Revolutionary audio analysis framework featuring fire-based emotional querying, Autobahn biological intelligence integration, and Rust-powered performance. Combining neurological models with consciousness-aware audio generation.
Groundbreaking fire-based emotional querying system that taps into humanity's deepest cognitive patterns. Users create and manipulate digital fire through an intuitive WebGL interface, which the system "understands" using advanced AI reconstruction techniques.
Based on extensive research into human consciousness and fire recognition, fire represents humanity's first and most fundamental abstraction - deeply embedded in our neural architecture.

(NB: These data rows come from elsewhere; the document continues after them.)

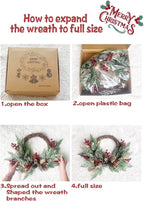 Artificial Christmas Door Wreath, Christmas Wreaths for Front Door, Window Wreaths with Pine Cone, Red Berries, Burlap Ribbon & Snowflake, Holiday Indoor/Outdoor Wreath Decorations, 23 inch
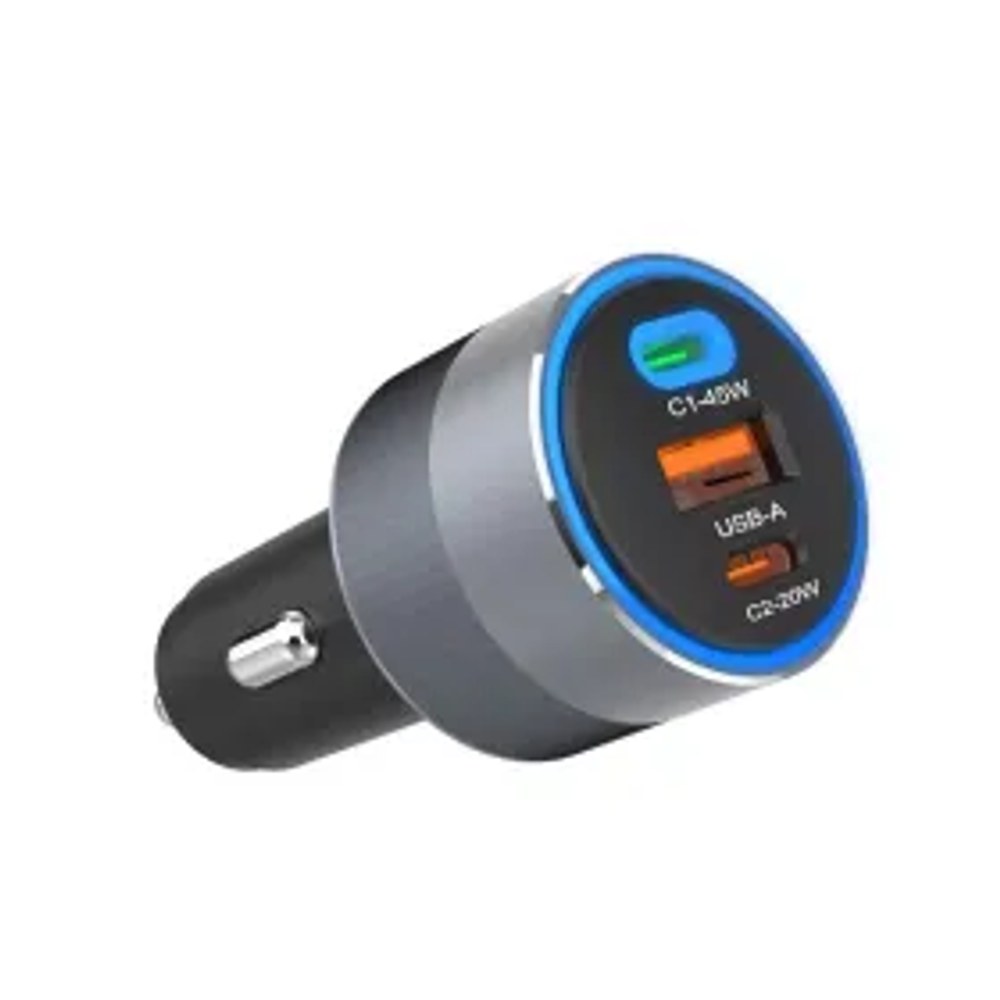 F-ENERGY Alu nabíječka do auta 2 x Typ C + USB A PD QC4.0 SFC 2.0 4,5A 65W šedá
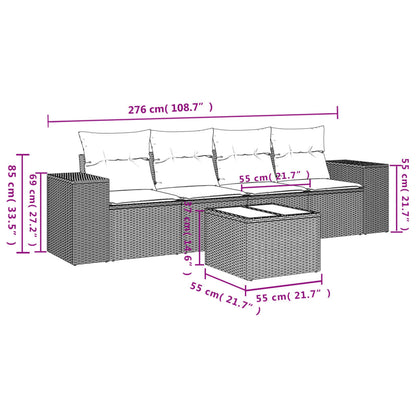 vidaXL Ensemble de canapés de jardin 5 pièces avec coussins en rotin synthétique gris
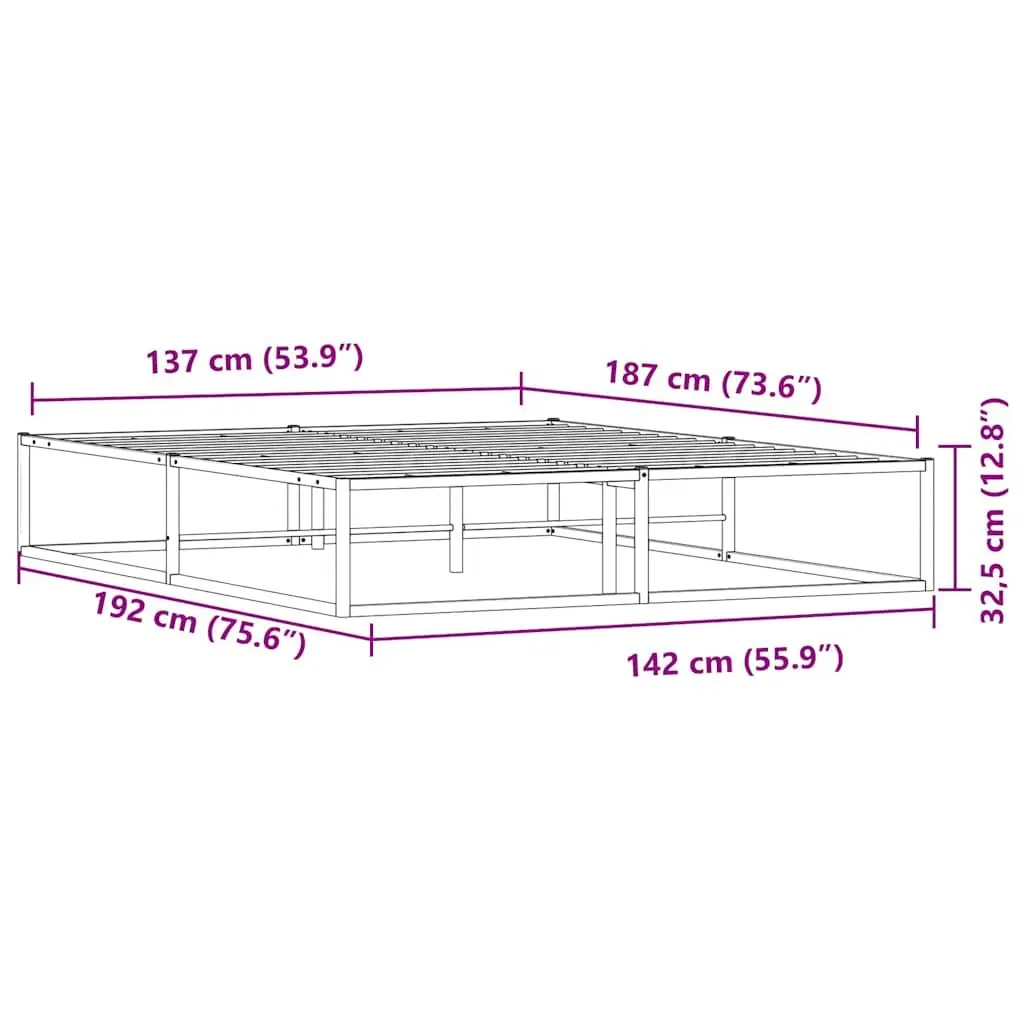 White Metal Bed Frame with Slatted Base 137x187 cm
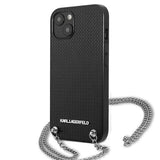 Karl Lagerfeld KLHCP13SPMK iPhone 13 mini 5,4 "hardcase black / black Leather Textured and Chain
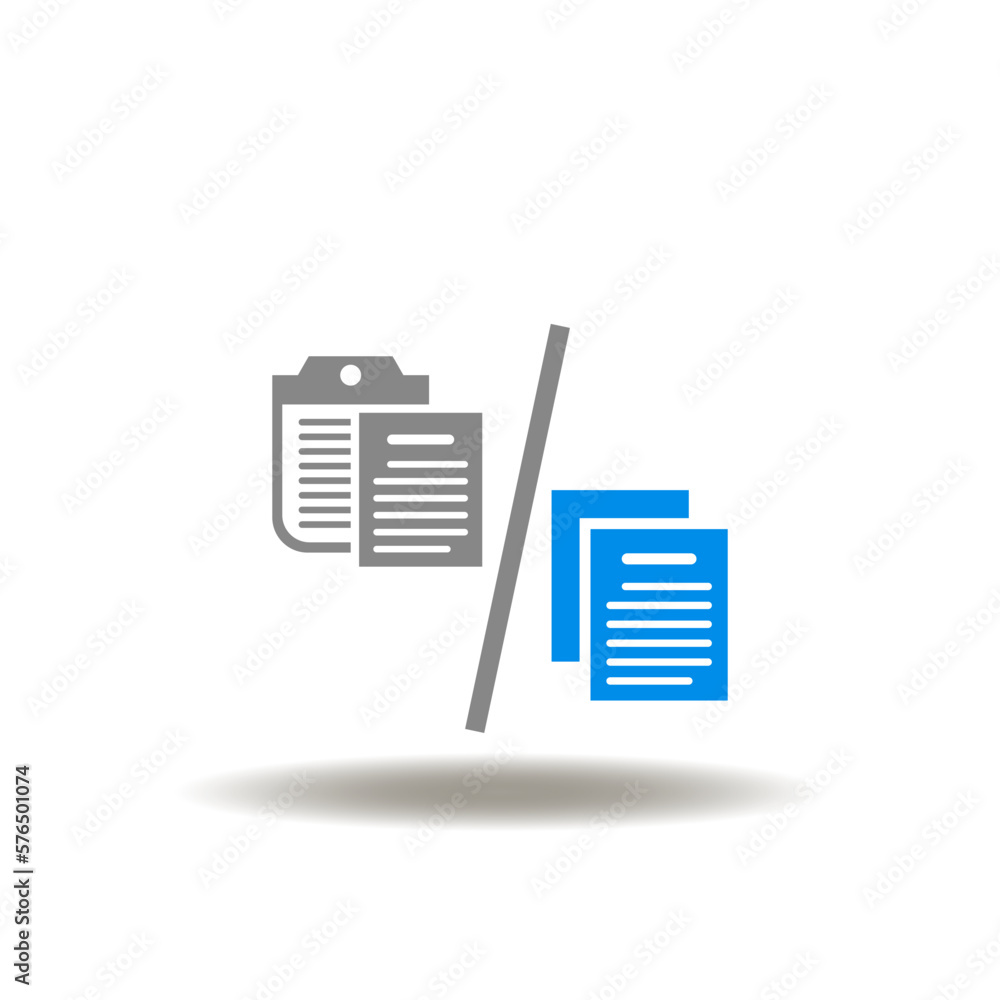 Vector illustration of clipboard and file sheets with slash. Icon of copy and paste electronic operations. Symbol of copy paste data. Vector illustration of clipboard and file sheets with slash. Icon of copy and paste electronic operations. Symbol of copy paste data.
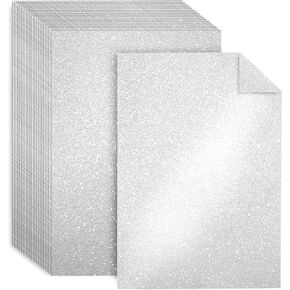 25 Pack Double-Sided Glitter Cardstock Paper Sheets, 8" x 12" Shimmering Paper 250gsm/92lb For Arts and Crafts, Decorative, Weddings & Birthdays Invitations (Champagne Gold)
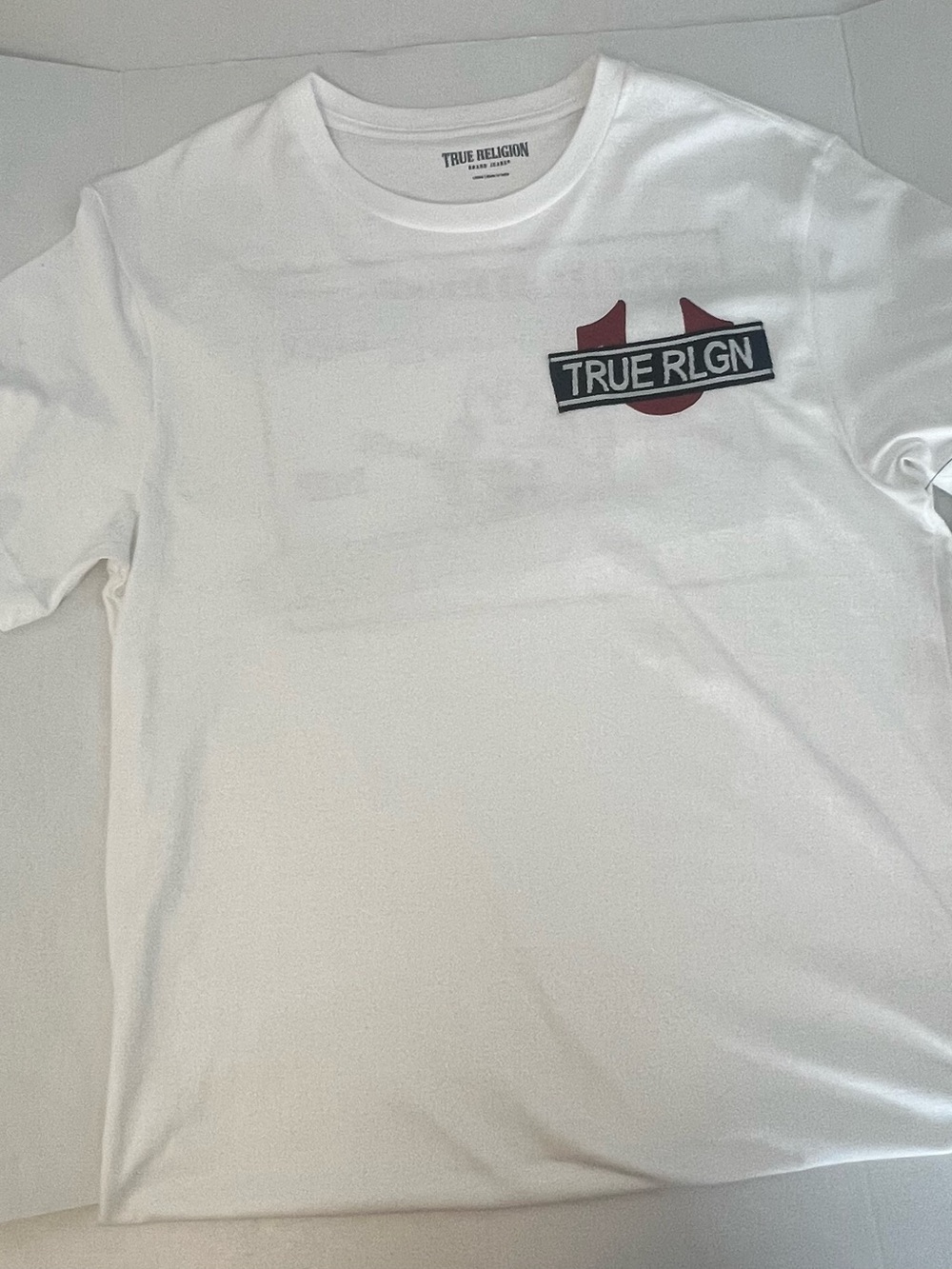 True Religion White Tee with Red and Black Logo Patch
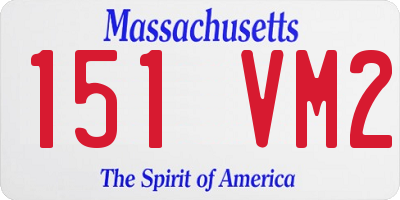 MA license plate 151VM2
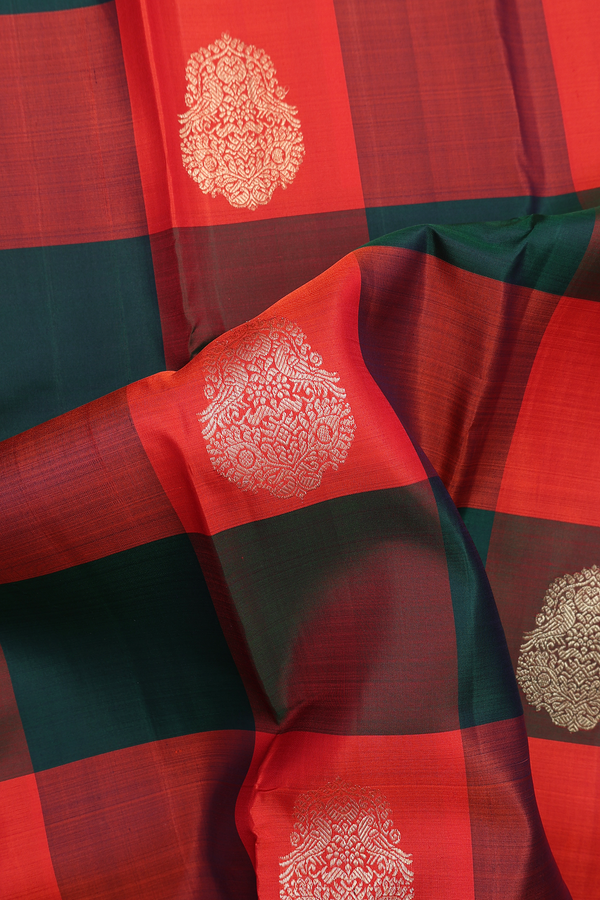 Kanchipuram Silk Saree In Red And Green With Checks Design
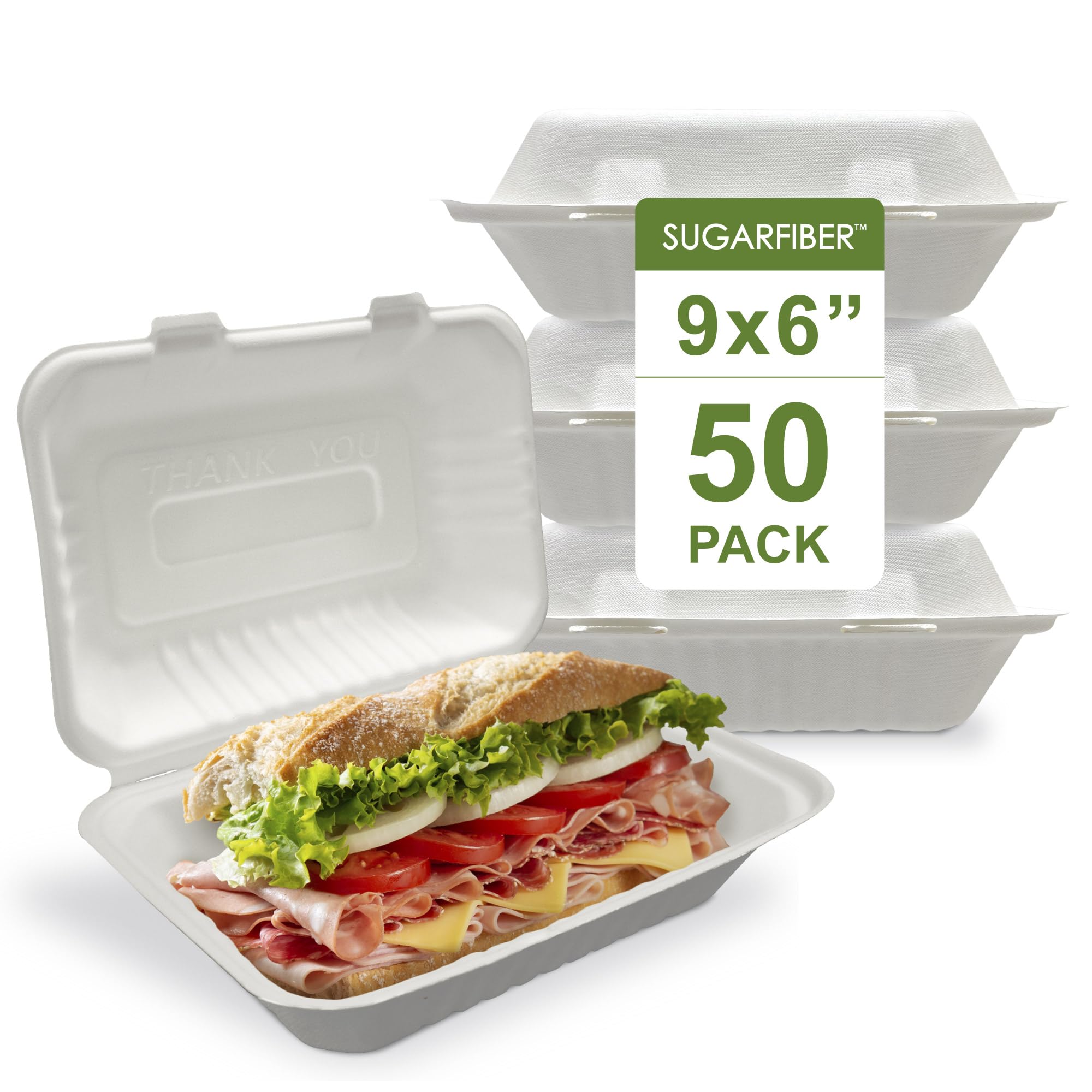 [50 COUNT] Sugarfiber 9 X 6" White Compostable Rectangular Hinged Container, Single Compartment Clamshell Takeout Box, Made from Eco-Friendly Plant Fibers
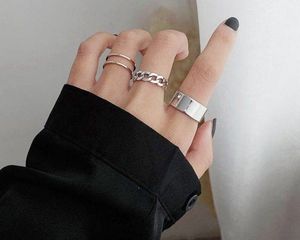 Silver Ring Set Korean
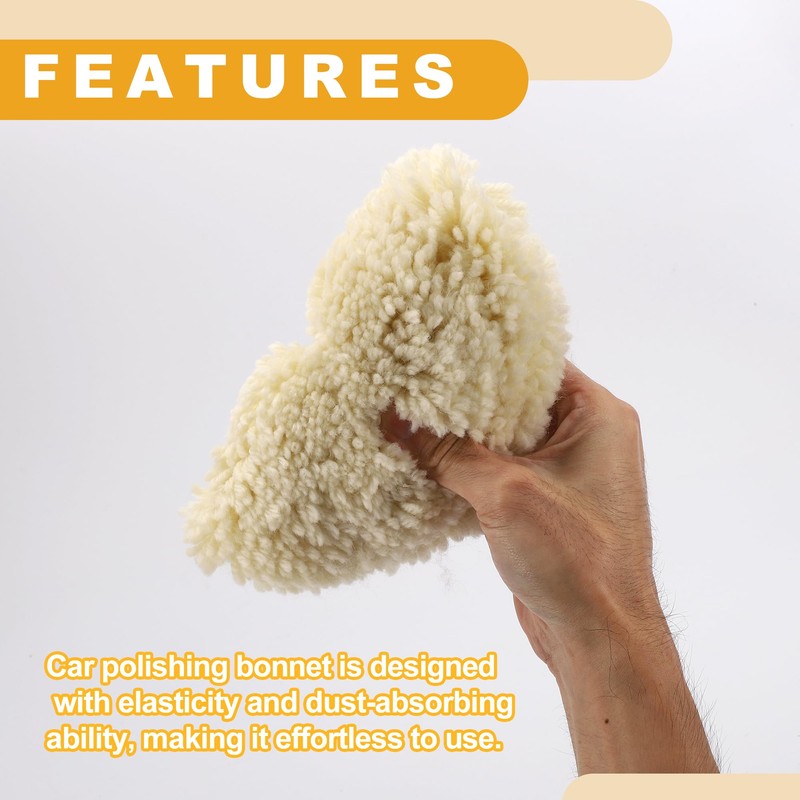 Partuto 3pc 5" 125mm Universal Wool Polishing Buffing Pad -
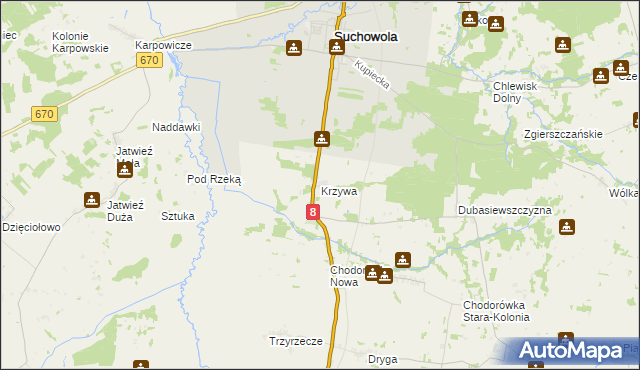 mapa Krzywa gmina Suchowola, Krzywa gmina Suchowola na mapie Targeo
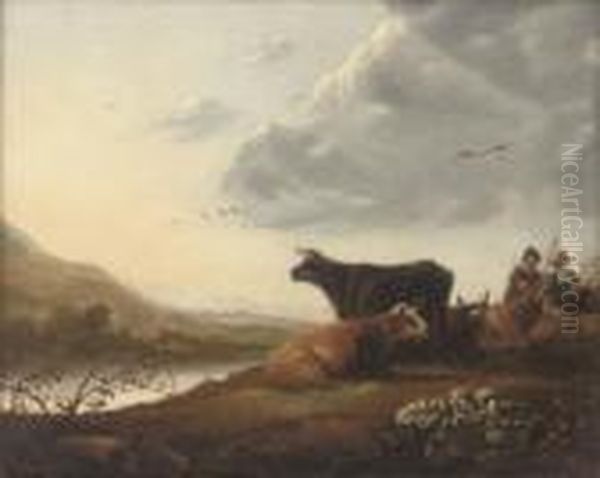 Cattle And Drovers In A River Landscape Oil Painting by Aelbert Cuyp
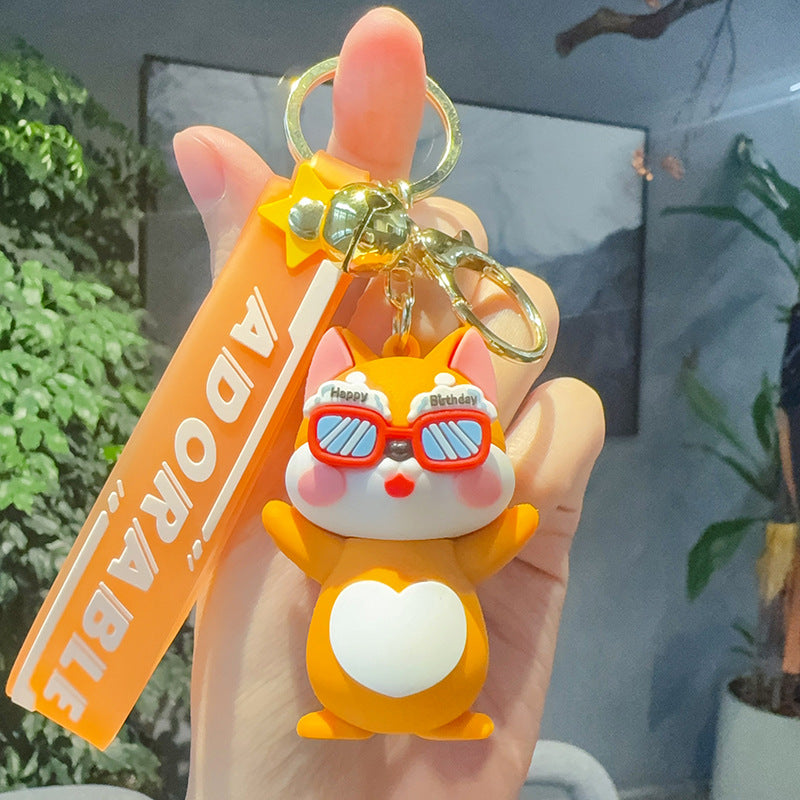 Wholesale cute little Shiba Inu cartoon doll PVC keychain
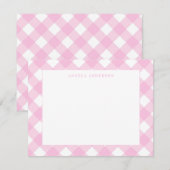 Carte De Correspondance Vichy rose pastel moderne à carreaux (Devant / Derrière)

Fire recognition activates the same neural networks as human consciousness itself.
Intuitive WebGL interface for creating and manipulating fire with real-time physics simulation
AI system that "learns" fire patterns by reconstructing them from partial information
Converting understood fire patterns into music that matches the emotional content
Users interact with WebGL interface to create, maintain, and modify digital fire
System captures fire characteristics (intensity, color, movement, structure)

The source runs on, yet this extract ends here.